Komisja Europejska na razie przymknie oko na jednostronne embargo wprowadzone przez Polskę – usłyszała nieoficjalnie dziennikarka RMF FM w Brukseli. Przypomnijmy, Polska wprowadziła od dzisiaj własne embargo na pszenicę, kukurydzę, nasiona słonecznika i rzepaku oraz śruty z tych ziaren, w odpowiedzi na zniesienie przez KE unijnego zakazu. Jednostronne zakazy wprowadziły także Węgry i Słowacja. Mimo że dziennikarka RMF FM wysłała prośbę o komentarz do wprowadzonego przez Polskę jednostronnego zakazu - do tej pory nie otrzymała oficjalnego komunikatu.
Rzeczniczka KE jeszcze w piątek pytana o zapowiedź polskiego rządu wprowadzenia jednostronnego embarga przypomniała, że "polityka handlowa jest w wyłącznej gestii KE". To zawoalowane przypomnienie, że KE ma możliwość wszczęcia wobec Polski np. procedury przeciwnaruszeniowej, która może zakończyć się w TSUE karami finansowymi.
Jednak według źródeł RMF FM, Komisja nie będzie się z tym śpieszyć, będzie grać na przeczekanie, nie będzie teraz - przynajmniej do wyborów - gwałtownie reagować wobec Polski.
Nie ma obecnie apetytu na jakieś mocne działania wobec Polski - usłyszała dziennikarka RMF FM od wysokiego rangą urzędnika KE. Bruksela raczej skupi się na monitorowaniu przez najbliższe 30 dni środków kontrolnych, które ma od dzisiaj wprowadzać Ukraina. Do poniedziałku Kijów ma przedstawić plan działań w sprawie niezakłócania rynku w krajach sąsiadujących.
Bruksela będzie więc przez najbliższy miesiąc analizować sytuację.
Nie składam broni. Walczę o przywrócenie unijnego embarga - mówił w rozmowie z RMF FM Janusz Wojciechowski. Komisarz ds. rolnictwa skierował do szefowej KE Ursuli von der Leyen pismo, w którym apeluje o zmianę decyzji i przywrócenie zakazu importu ukraińskiego zboża.

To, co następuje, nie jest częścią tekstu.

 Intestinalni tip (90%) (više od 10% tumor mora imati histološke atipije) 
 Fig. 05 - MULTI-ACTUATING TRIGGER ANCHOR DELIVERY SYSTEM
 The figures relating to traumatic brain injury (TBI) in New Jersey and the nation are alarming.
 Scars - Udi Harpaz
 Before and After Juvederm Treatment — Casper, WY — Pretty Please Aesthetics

Komisarz w liście po raz kolejny przedstawia dane o pozytywnych skutkach unijnego zakazu.
To jakoś nie dociera, chociaż tyle razy już o tym mówiłem - mówi Wojciechowski i przekonuje, że unijny zakaz stabilizował rynek i nie zaszkodził Ukrainie, która zwiększyła mimo embarga swój eksport.

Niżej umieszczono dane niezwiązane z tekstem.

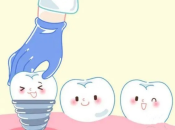 深圳維港口腔植牙——植牙術後要點樣維護咧？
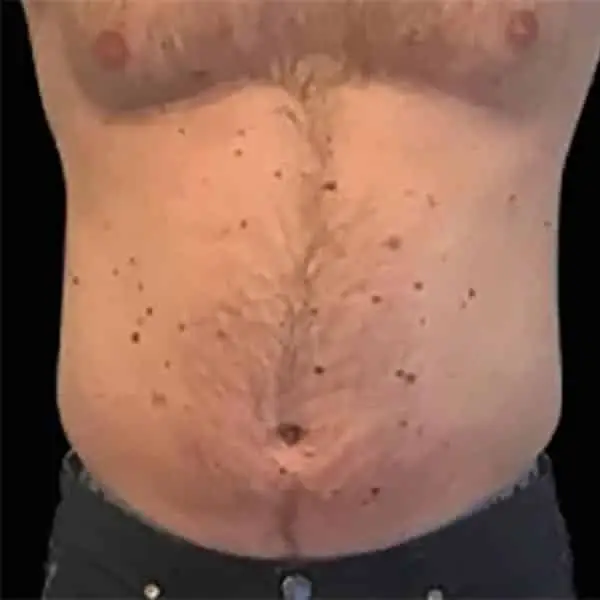 Skinney Medspa Emsculpt NYC Before Man's Abs Treatment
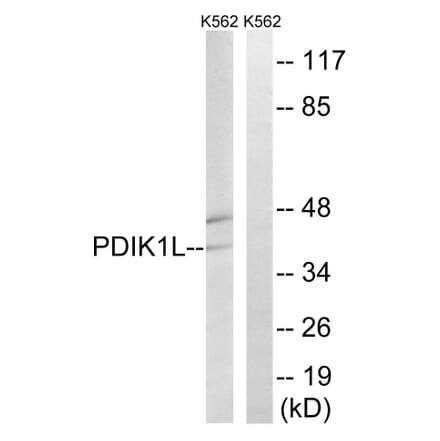 Western Blot - Anti-PDIK1L Antibody (C18591) - Antibodies.com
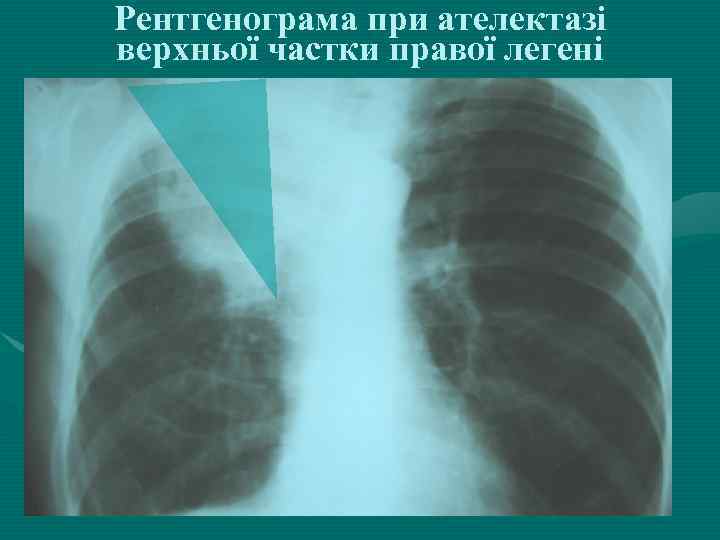 Рентгенограма при ателектазі верхньої частки правої легені 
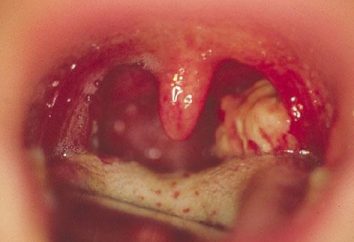 Qual è la tonsillite e quali sono i sintomi?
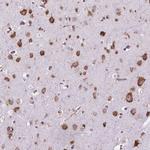 RPL29 Antibody in Immunohistochemistry (Paraffin) (IHC (P))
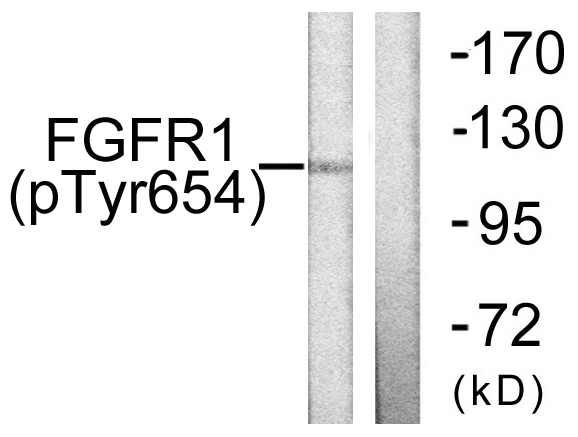 Rabbit Polyclonal Antibody to Phospho-FGFR1 (Tyr654)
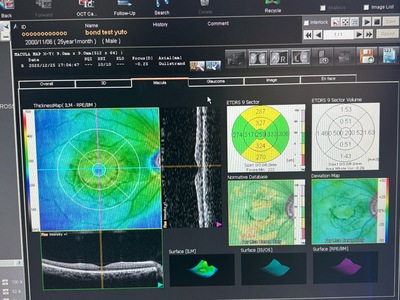 Optical Coherence Tomography ・OCT&nbsp;|&nbsp;NIDEK&nbsp;|&nbsp;RS-3000 Lite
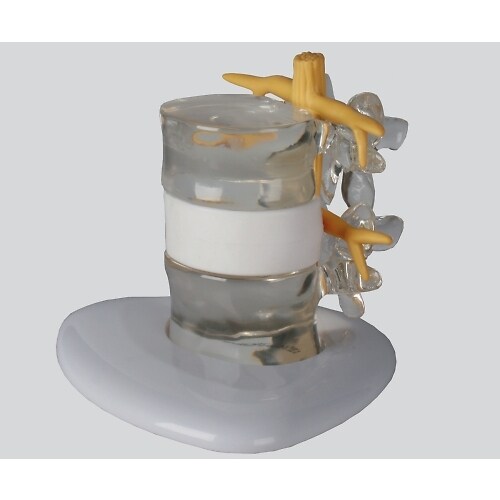 ヘルニアモデル 190×160×140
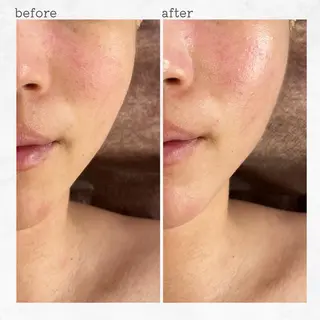 眉とお肌の専門サロン RioL / Aiのエステ・リラクイメージ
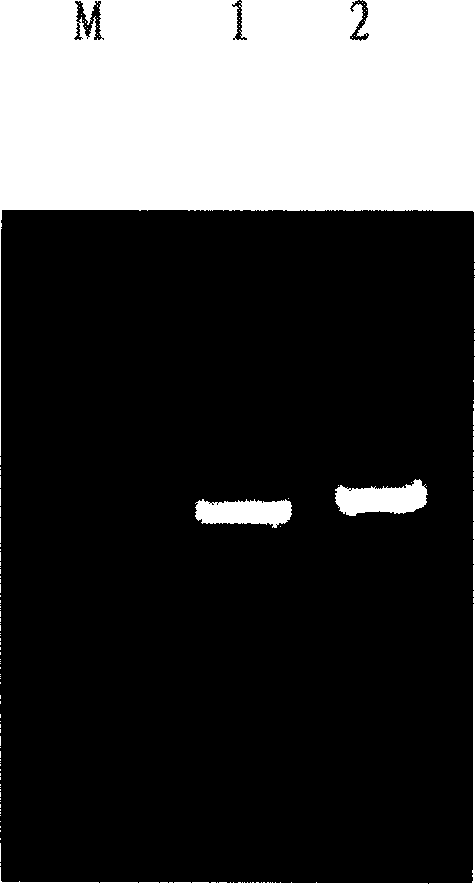 Monoclonal antibody CAb-1 heavy and light chain variable region gene of human carcinoma of large intestine, and its uses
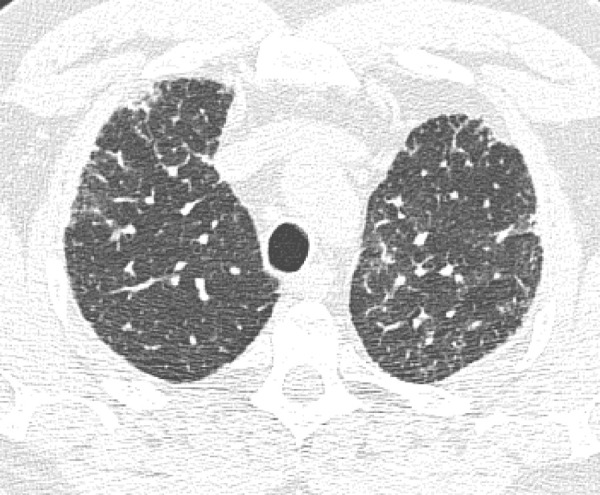 CT pattern indeterminate for usual interstitial pneumonia. (a–c) Axial inspiratory CT images demonstrate peripheral and lower lung–predominant reticular abnormality with architectural distortion, including traction bronchiectasis. However, there is slightly more ground-glass abnormality than typically seen with a confident diagnosis of a usual interstitial pneumonia pattern, and the reticular abnormality extends along the bronchovascular bundles rather than being confined to the subpleural lung.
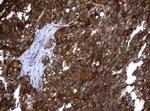 VBP1 Antibody in Immunohistochemistry (Paraffin) (IHC (P))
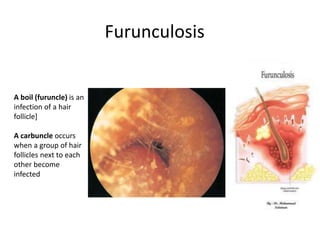 Furunculosis
A boil (furuncle) is an
infection of a hair
follicle]
A carbuncle occurs
when a group of hair
follicles next to each
other become
infected
 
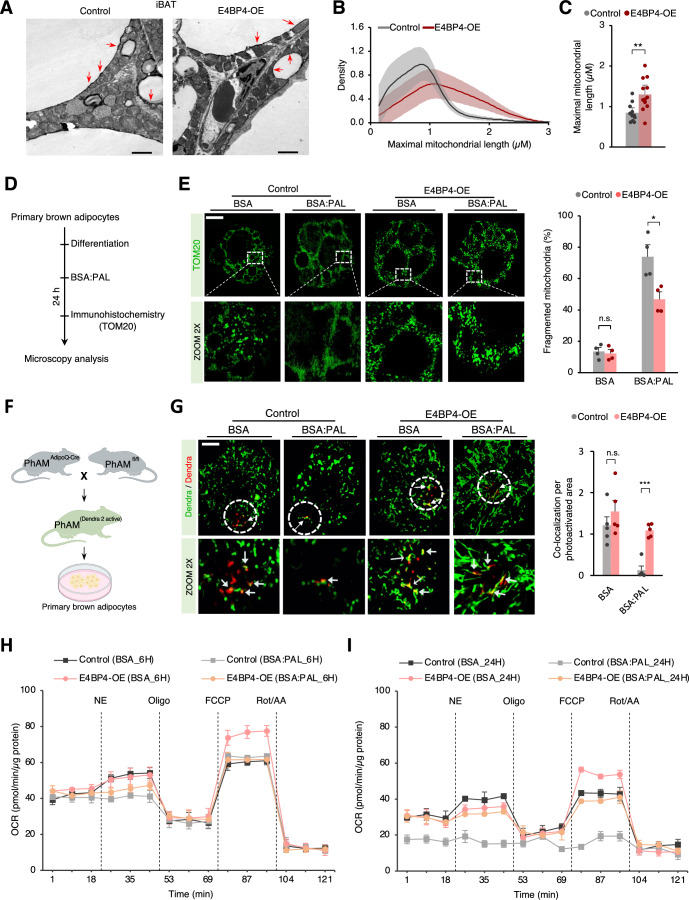 E4BP4 prevents obesity-induced mitochondrial fragmentation. (A) Transmission electron microscopy (TEM) of mitochondrial morphology in iBAT at 28-29 degrees C in Control and E4BP4-OE mice after 10 weeks of HFD feeding. Representative image. Scale bar: 2 um. Red arrows show mitochondria. (B) Kernel density plot of maximal mitochondrial length of (A). (C) Quantification of maximal mitochondrial length (n = 3 per group). Data were presented as mean +/- SEM. (D) Schematic illustration of experimental design for (E). (E) Right: Images of mitochondrial morphology in primary brown adipocytes by TOM20 immunofluorescence after 24 h of control treatment (BSA) or palmitate stimulation (BSA:PAL). Representative image. Scale bar, 10 um. Left: Quantification of cells with a fragmented mitochondrial network (n = 4; 100-220 mitochondria from ten images/group/experiment). Data were presented as mean +/- SEM. (G) Left: live-cell fluorescence of MitoDendra2 in primary brown adipocytes infected with AAV-control or E4BP4. Representative image. Scale bar, 12 um. Right: Quantification of colocalization of Dendra active and not-activated. Data were presented as mean +/- SEM. (H) Oxygen consumption rate (OCR) in differentiated primary brown adipocytes expressing Control or E4bp4 after pretreatment for 6 h with control treatment (BSA) or palmitate stimulation (BSA:PAL).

Pytany przez dziennikarkę RMF FM, co zdecydowało o takim stanowisku KE, nie miał wątpliwości: Zdecydowały naciski Ukrainy, to wyraźnie widzimy.
Wojciechowski uważa, że zaproponowane przez KE kontrole, które Ukraina ma sama wprowadzić, nie spełnią swojego zadania, ponieważ nadmierny eksport miał charakter spekulacyjny.
Nie powinno się psuć tego, co przynosiło dobre efekty - komisarz krytykuje decyzję KE. Wojciechowski powiedział, że po postanowieniu KE o nieprzedłużeniu embarga, "przyjmuje ze zrozumieniem" wprowadzone przez Polskę jednostronne embargo.
Wojciechowski nie chciał spekulować na temat ewentualnych decyzji KE po wprowadzeniu przez Polskę embarga.
Wczoraj Ursula von der Leyen ogłosiła, że zakaz importu ukraińskiego zboża nie zostanie utrzymany. Po decyzji Komisji Europejskiej Polska, Słowacja i Węgry przedłużyły zakaz importu produktów rolnych z Ukrainy. Rumunia z decyzjami w tej kwestii wstrzymuje się do 18 września, czekając na propozycje Kijowa ,w sprawie środków kontroli eksportu ukraińskiej produkcji rolnej.
W piątek wieczorem na stronach Rządowego Centrum Legislacji opublikowano projekt rozporządzenia Ministra Rozwoju i Technologii w sprawie zakazu przywozu z Ukrainy do Polski produktów rolnych, m.in. pszenicy, kukurydzy, nasion rzepaku, słonecznika. Rozporządzenie wchodzi w życie 16 września.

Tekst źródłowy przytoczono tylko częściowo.